Mom Urged To Collect Son From Ex's House As He Doesn't Have a 'Proper Bed'

A woman online is asking for advice on a tricky situation involving her ex-partner and their son. In a post on Mumsnet, user SplunkPostGres described how she had just received a call from her 9-year-old son who was "anxious" about the sleeping arrangements while staying at his father's house.

"He has to sleep on inflatable mattress in the living room because his father's daughter (18) from his first marriage is sleeping in the spare room."

"This always happens," SplunkPostGres continued. "He doesn't have a proper room at his dad's because it's kept as a spare room. Whenever both children are there, it's always DS [darling son] who sleeps in the lounge. Tonight they're packing for a holiday tomorrow and DS with a bad knee can't go to bed until they do. He is 9. He has ASD [autism spectrum disorder]. He needs to go to bed. And I'm 250 miles away and unable to do anything about it. AIBU [am I being unreasonable] to say that DS should have a proper bed at his Dad's house?"

Out of 537 votes on the site, 88 percent of readers said that the post was not unreasonable.

Upset child sitting on the stairs. Stock Image. Children with autism have a need for routine around daily activities such as meals or bedtime. Routines can become almost ritualistic in nature, followed precisely and with attention paid to the tiniest details. Getty Images

Autistic Spectrum Disorder

The World Health Organization defines autism spectrum disorders as "a diverse group of conditions.
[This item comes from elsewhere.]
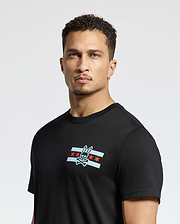 A man with short curly hair is wearing the Psycho Bunny MENS CHICAGO TEE - B6U551W1PC, crafted from soft Pima cotton, showcasing a rabbit skull and crossbones graphic over a stylized flag with red stars and blue stripes. The background is plain white.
They are characterized by some degree of difficulty with social interaction and communication. Other characteristics are atypical patterns of activities and behaviors, such as difficulty with transition from one activity to another, a focus on details and unusual reactions to sensations."

It can be hard for someone with autism to navigate their way through the daily challenges of life, and things that may seem unsurprising to most people, may seem unpredictable and worrying to someone with autism. For this reason, routine and familiarity can be extremely important.

"Sometimes minor changes such as moving between two activities, can be distressing; for others big events like holidays, starting or changing school, moving house or Christmas, which can create change and upheaval, can cause anxiety," wrote the National Autistic Society, "Some autistic people have daily timetables so that they know what is going to happen, when. However, the need for routine and sameness can extend beyond this. You might see:

  • changes to the physical environment (such as the layout of furniture in a room), or the presence of new people or absence of familiar ones, being difficult to manage
  • a need for routine around daily activities such as meals or bedtime. Routines can become almost ritualistic in nature, followed precisely and with attention paid to the tiniest details

"Pick Him Up"

Many users urged the mother to drive and pick her son up, despite the 500-mile round trip. "Pick him up," urged one person, while another wrote: "My son has ASD and I'd be collecting him, OP. Can you drive?"

Another user referenced the disruption to the son's routine, "it's not just about the sleeping arrangements - it's about causing disregulation and anxiety to your DS, and how long it can take autistic little people to recover from both. Your ex wouldn't ask a child in a wheelchair to run for a bus and he shouldn't be expecting your DS to cope with this."

"It's sh*t but to be honest...there isn't anything you can do," said one user, while another said: "His dad should give him his bedroom. Really can't understand why he hasn't done this!"